At Bobsled, we talk with product leaders every day who are tasked with delivering analytical data to customers. Sometimes, they manage proprietary data products which they sell (think a data provider like CoreLogic) and other times they are building ways for customers to access the data they generate inside their application (think a SaaS app like Stripe.)
In both cases, the challenge remains the same: how do I empower my customers to start working with our data as fast as possible without burying my engineers in hours of work to meet custom requests? And how do I do it while managing competing roadmap priorities and the legal and organizational challenges of selling and sharing data.
In this post we outline why leading data and software companies are investing in auto-fulfillment to address these questions and walk through a few common deployment models we see with our customers.
What is auto-fulfillment?
Auto-fulfillment is a north star for many data product management teams. The vision behind auto-fulfillment is simple: the moment a customer has the right to access a data product, they should be able to start putting it to work. In practice, auto-fulfillment is the process through which data is programmatically entitled, accessed and integrated into a customer environment.
Traditionally, the biggest barrier to auto-fulfillment has centered on the last step in that process: integration. With existing forms of delivery such as file transfers or APIs, engineers can automate the way in which data is entitled or accessed. However, in both cases, customers typically receive a file, which still requires substantial ETL to prepare for analysis.
The good news is that a new generation of data sharing technologies from the major cloud and data platforms have made that dream a possibility over the past few years. Every major data platform now offers some form of in-place data sharing protocol (e.g. Snowflake Sharing, Delta Sharing.) With in-place sharing, providers share access to a data product – not the product itself. That means there’s no data to extract, files to load, or fields to transform.
The bad news is that supporting these protocols effectively shifts the ETL requirement to providers. In order to support “native” sharing, providers have to move their data into the same platform (and region) as their customers. This not only creates substantial complexity for engineering teams; it limits the ability for providers to actually deliver the promise of Auto-Fulfillment. Certain destinations are not supported, provisioning takes days, and key features are left out.
How Bobsled enables auto-fulfillment
Bobsled brings auto-fulfillment within reach for product and engineering teams by offering a simple service to share data to any data lake or platform. With Bobsled, engineering teams no longer have to manage the permissioning, replication, and orchestration of data across multiple platforms in order to support data sharing. Instead, they connect Bobsled to their data lake or warehouse once and instantly are able to deliver ready-to-query, natively customers in every region of every platform.
Every company is different. Some have legal, compliance or business requirements that limit what they can – or want to – automate. With the Bobsled app and suite of APIs, companies can get started quickly and build toward more embedded and automated fulfillment options over time.

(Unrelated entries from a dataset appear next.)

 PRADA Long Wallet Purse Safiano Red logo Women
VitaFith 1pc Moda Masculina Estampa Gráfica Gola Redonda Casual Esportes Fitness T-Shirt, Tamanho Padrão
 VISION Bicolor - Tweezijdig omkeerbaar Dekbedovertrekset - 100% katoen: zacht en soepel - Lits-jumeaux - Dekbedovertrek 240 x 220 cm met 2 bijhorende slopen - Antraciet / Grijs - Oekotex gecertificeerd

For your customers, the ability to receive data via a native share in their platform is a massive leap forward from API or SFTP delivery. That’s why most teams start using Bobsled by initiating and managing shares via the app. Product teams can start offering sharing to customers in every platform and region immediately; and engineering teams get to vet Bobsled through a simple UI.
The process is simple: pick the files they want to deliver in your source, configure how the product is shared, select the customer’s platform, region and account and then initiate a delivery. Within seconds, a customer gets access to ready-to-query data natively within their platform of choice – whether that’s a table Snowflake or a file in AWS S3.

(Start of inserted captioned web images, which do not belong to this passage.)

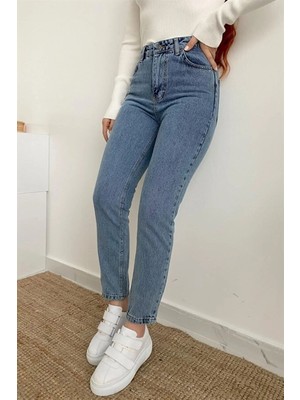 ByCukurovaFrango Max Kar Yıkama Mavi Kadın Yüksek Bel Mom Jean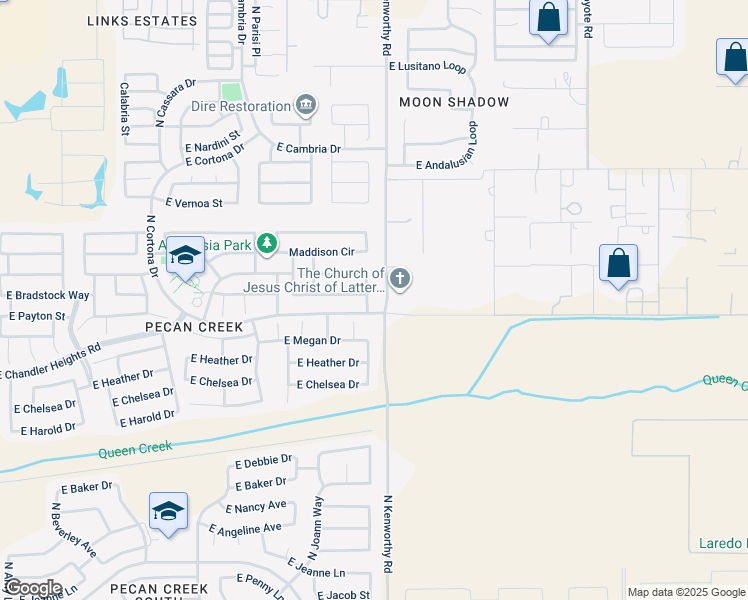 map of restaurants, bars, coffee shops, grocery stores, and more near 39423 North Zampino Street in Queen Creek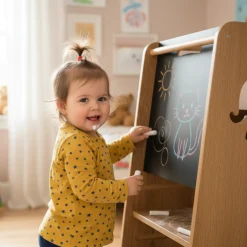 Pomocnik kuchenny dla dzieci z tablicą regulowany Kitchen Helper MDF drewno
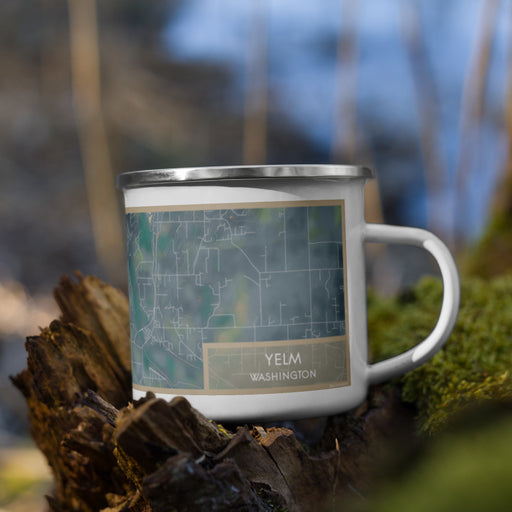 Right View Custom Yelm Washington Map Enamel Mug in Afternoon on Grass With Trees in Background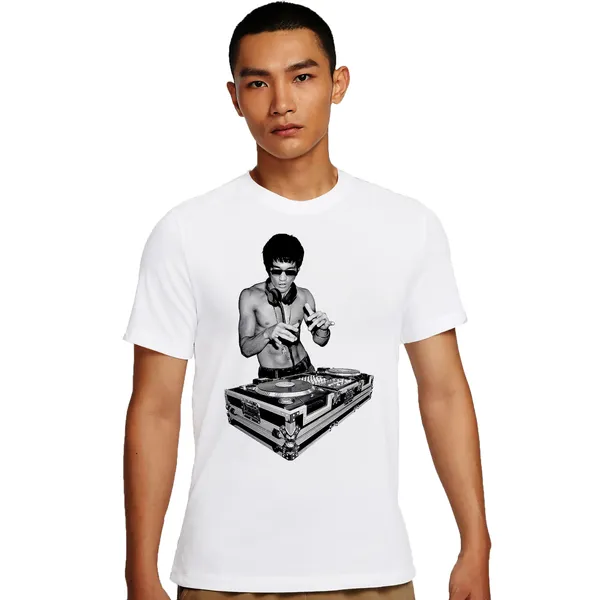 White_Bruce_Lee_Dj__Quick-Dri_T-Shirt_For_Men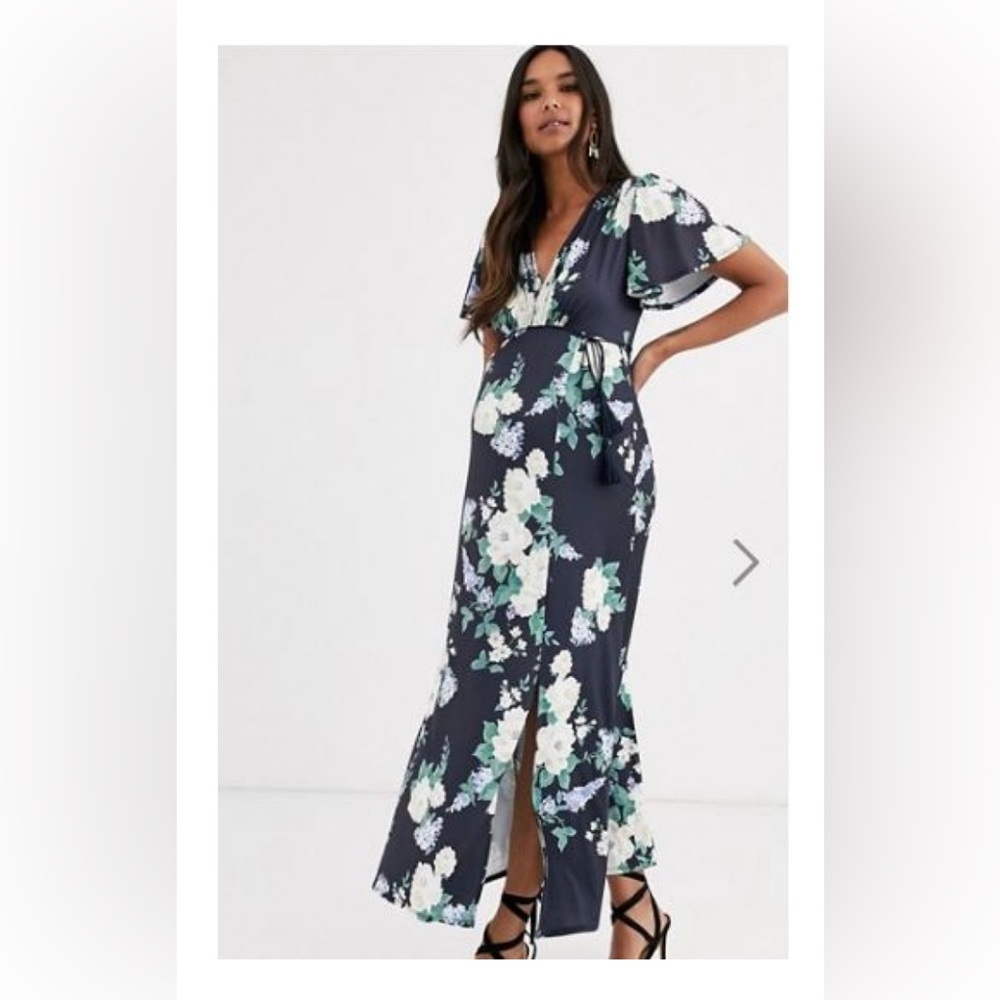 ASOS MATERNITY Curve Floral Flutter Sleeve maxi dress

Once a team has met the initial customer demand, the next step is to streamline the process by embedding fulfillment into their existing onboarding process. These investments are all about freeing up engineering time and removing the bottleneck that slows down delivery.
We see two common patterns. First, a team might have an existing internal application they have built to manage their existing process with a platform like ReTool. Using the Bobsled API, they can build a “fulfillment” module as part of the onboarding workflow so that internal users never have to leave the existing app.

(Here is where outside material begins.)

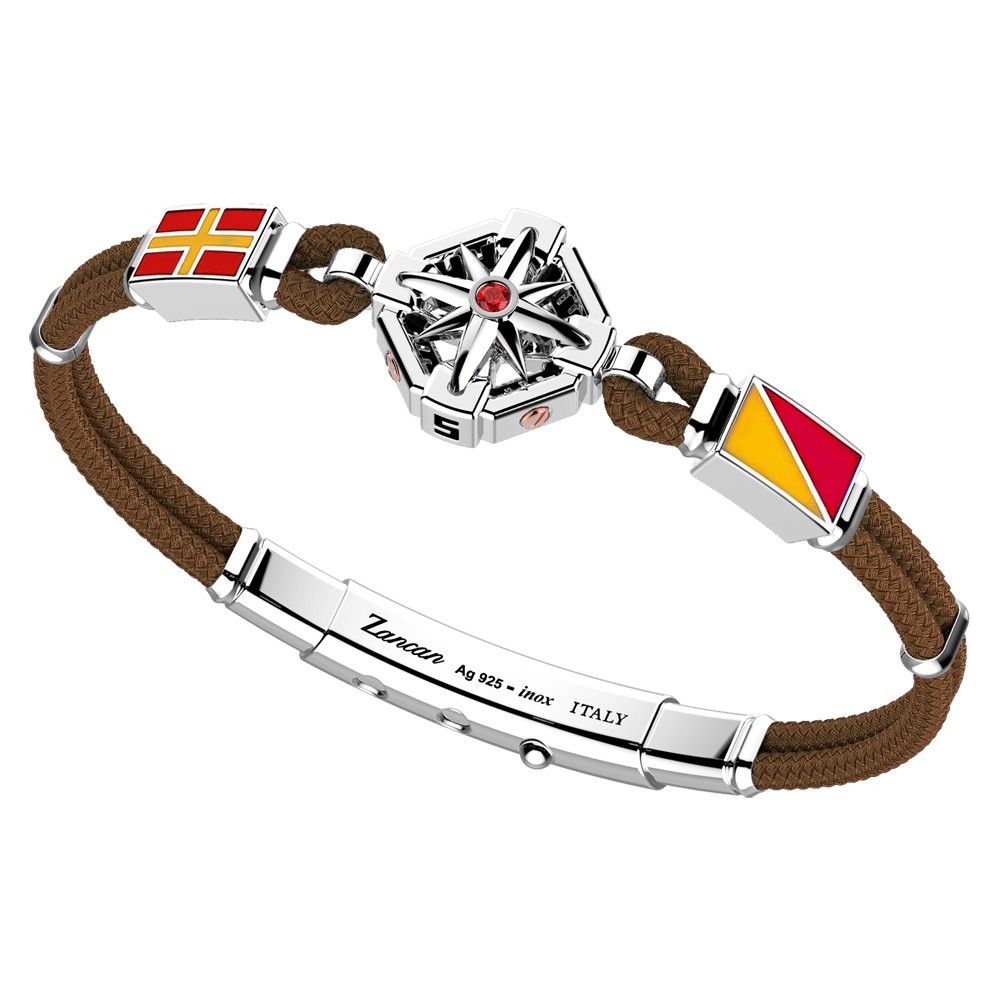 Bracciale in argento e silicone nero con dettagli in oro e smalto.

Second, we see teams integrating Bobsled into their CRM. Platforms like Salesforce and Hubspot often serve as a system of record for business teams. Using the Bobsled API, sales teams can automatically initiate a delivery from within the customer record in the CRM.
For many product teams, the end goal is to allow customers to subscribe and access data products automatically from an existing software app. This is often the case for companies that offer an existing software experience – everything from a SaaS company that’s sharing application data to a customer or a data provider that has a catalog or marketplace customers use to browse their products.
The most advanced teams use the Bobsled API to build fully self-serve data sharing experiences within applications. Once authenticated, a customer can pick the products they want to access, specify the platform, region and account they want the data to go to, and press share. Bobsled handles the rest and customers instantly receive their data without any human involvement.